W 2019 roku w całej Polsce rozpoczęto budowę ponad 230 tys. mieszkań. Jak podkreśla Bartosz Turek, główny analityk HRE Investments, tak dużo budowało się tylko za Gierka.
Lokale sprzedają się na pniu. Ze wstępnych szacunków firmy doradczej JLL wynika, że tylko na sześciu rynkach – w Warszawie, Krakowie, Trójmieście, Wrocławiu, Poznaniu i Łodzi – firmy deweloperskie sprzedały 64–65 tys. lokali. Bardzo aktywni są inwestorzy. Kupują nieruchomości nie tylko za gotówkę, ale coraz częściej także na kredyt. Popyt na mieszkania nie słabnie. Firmy chcą więc zarobić, ile się da, dopóki trwa hossa. Wchodzą na nowe rynki, rozbudowują osiedla, szukają gruntów.
Szyki deweloperom może pokrzyżować ustawa przekształceniowa zmieniająca prawo użytkowania wieczystego terenów pod osiedlami w prawo własności. Budujące mieszkania firmy zaczynają bić na alarm, że sądy wieczystoksięgowe są zalane wnioskami związanymi z uwłaszczeniem.
Oczekiwanie na wpis do księgi wieczystej – czy to prawa własności, czy hipoteki – wydłużyło się z mniej niż miesiąca nawet... do pół roku. Tracą na tym i deweloperzy, i klienci. Jak mówią na naszych łamach eksperci Polskiego Związku Firm Deweloperskich, wiele banków nie chce wypłacać spółkom kredytu bez załatwienia formalności wieczystoksięgowych. Pół roku czekania to wymierne straty. Już słychać głosy, że klienci rezygnują z mieszkania na jakimś osiedlu, wybierając inną inwestycję.

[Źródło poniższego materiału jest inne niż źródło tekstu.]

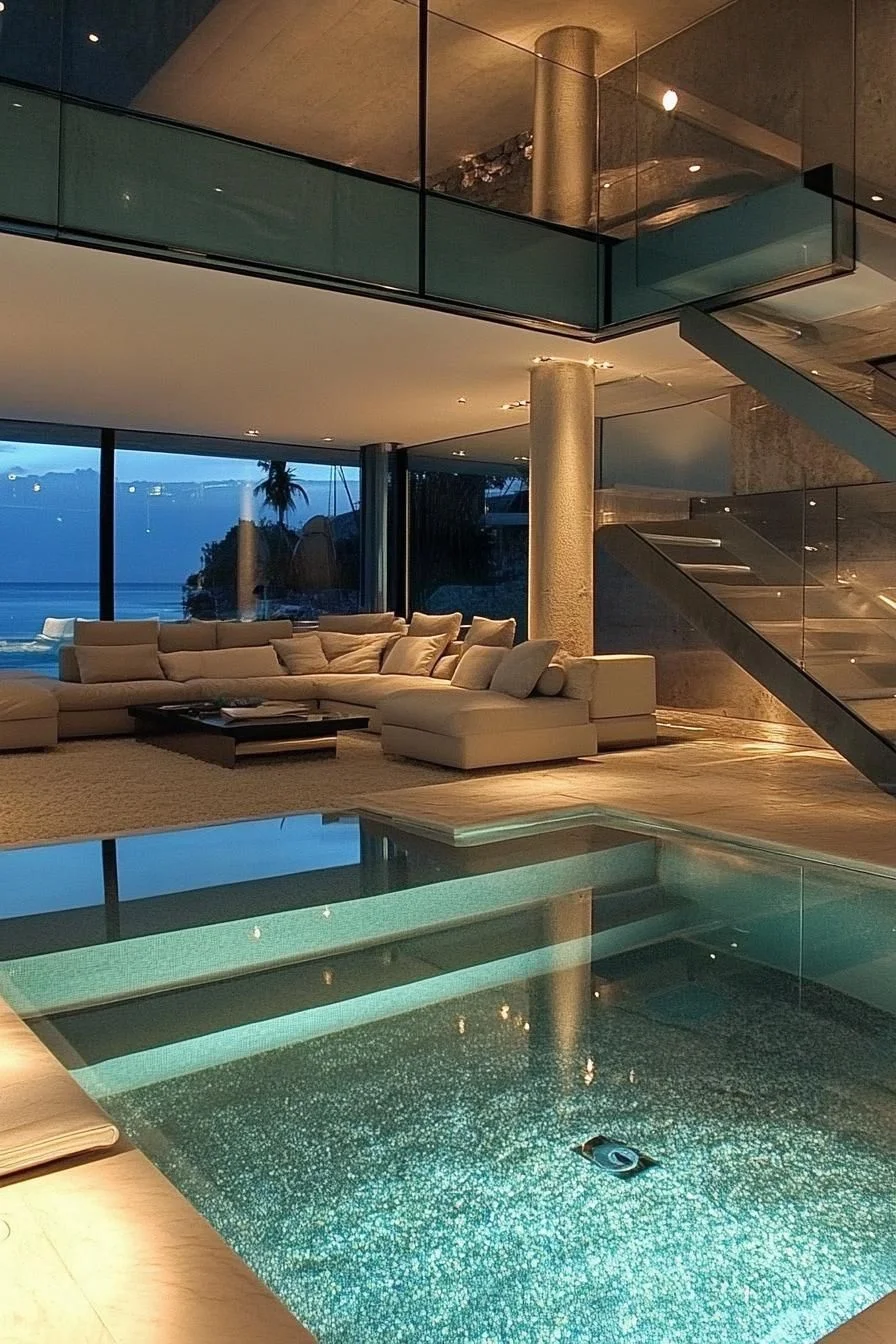 Sunken Living Room Beside the Pool - photo 2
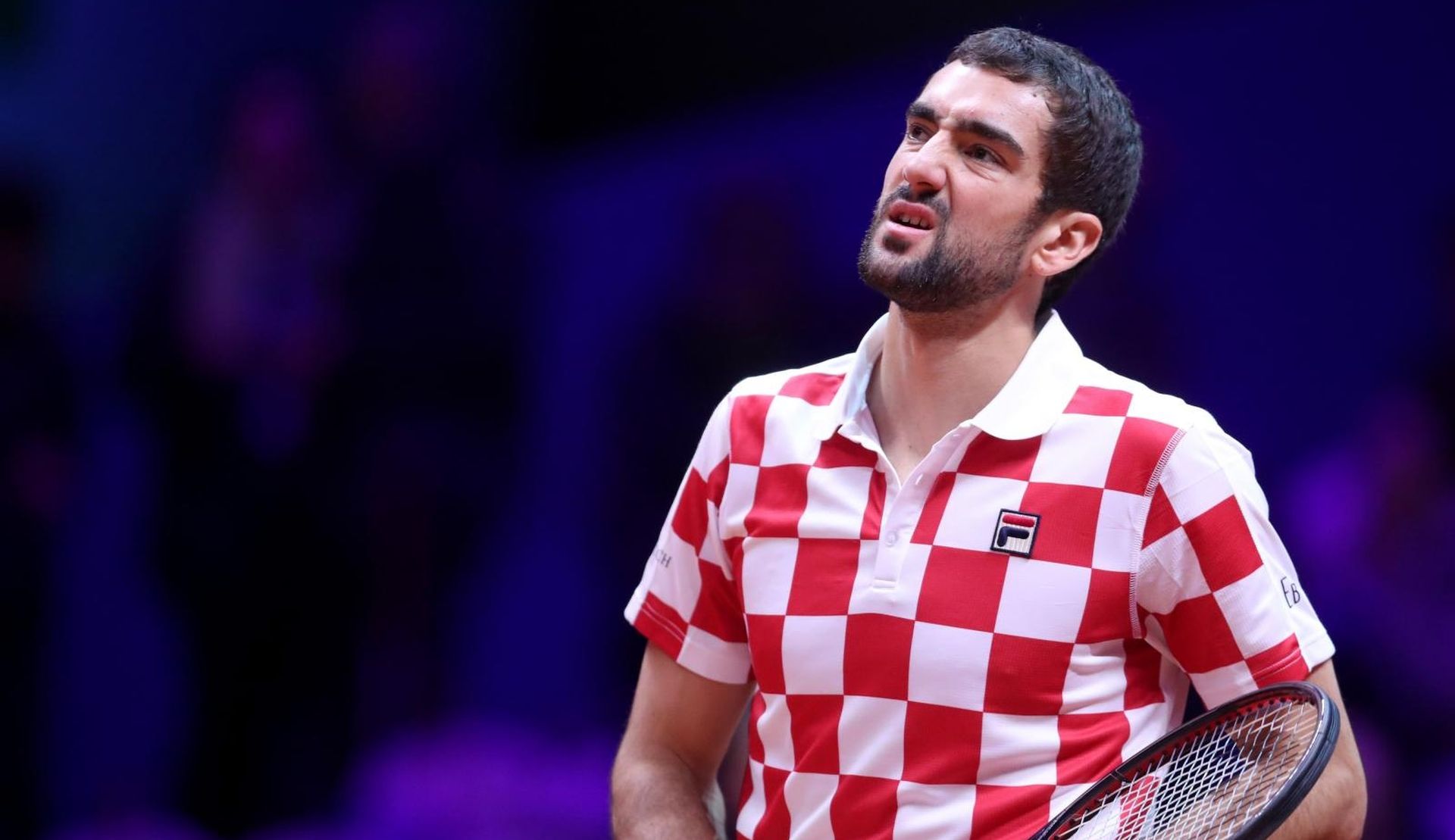 Lille: U 4. meču finala Davis Cupa sastali se Lucas Pouille i Marin Čilić 25.11.2018., Lille, Francuska - Na stadionu Pierre-Mauroy odigrano je finale Davis Cupa izmedju Francuske i Hrvatske. U prvom mecu treceg dana sastali su se Lucas Pouille i Marin Cilic. Marin Cilic. 
Photo: Sanjin Strukic/PIXSELL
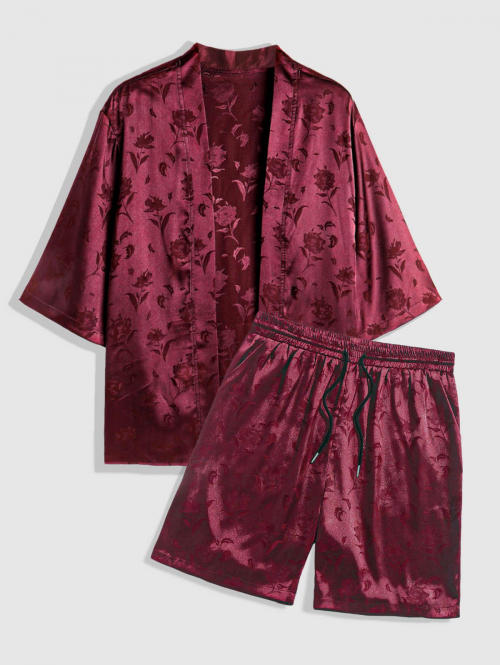 ZAFUL Men's Men's Two Piece Outfits Silky Satin Rose Printed Open Front Kimono Shirt and Casual Shorts Set Deep red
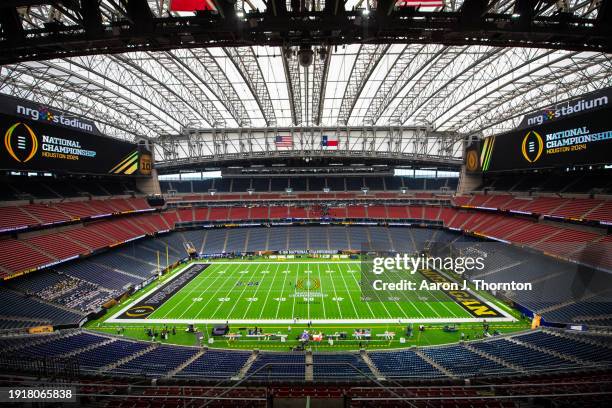 General view of the field before the 2024 CFP National Championship game between the Michigan Wolverines and the Washington Huskies at NRG Stadium on...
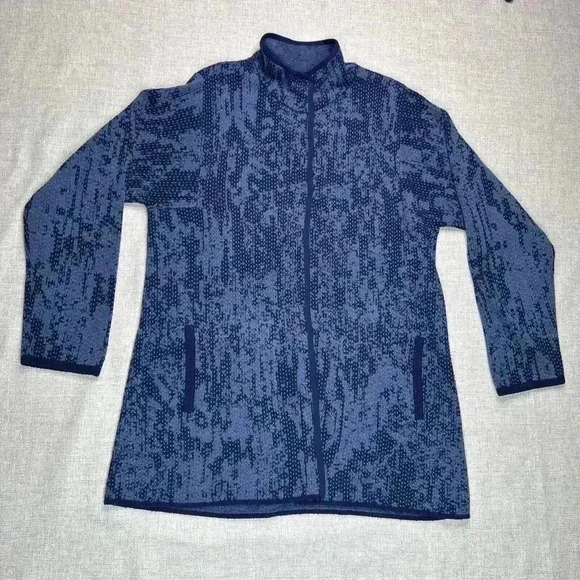 Pure J. Jill Cardigan Blue Intarsia Jacquard Knit Snap Button Long - Picture 2 of 9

Ogromne korki w księgach wieczystych to także problemy dla klientów. Do czasu wpisu hipoteki płacą wyższą ratę kredytu. Choć sądy pracują pełną parą, to paraliżu i tak nie da się uniknąć. Z mocy ustawy właścicielami gruntów pod budynkami mieszkalnymi stało się 2,5 mln użytkowników wieczystych. Sądowi referendarze mają co robić, mimo że resort sprawiedliwości dał dodatkowe etaty.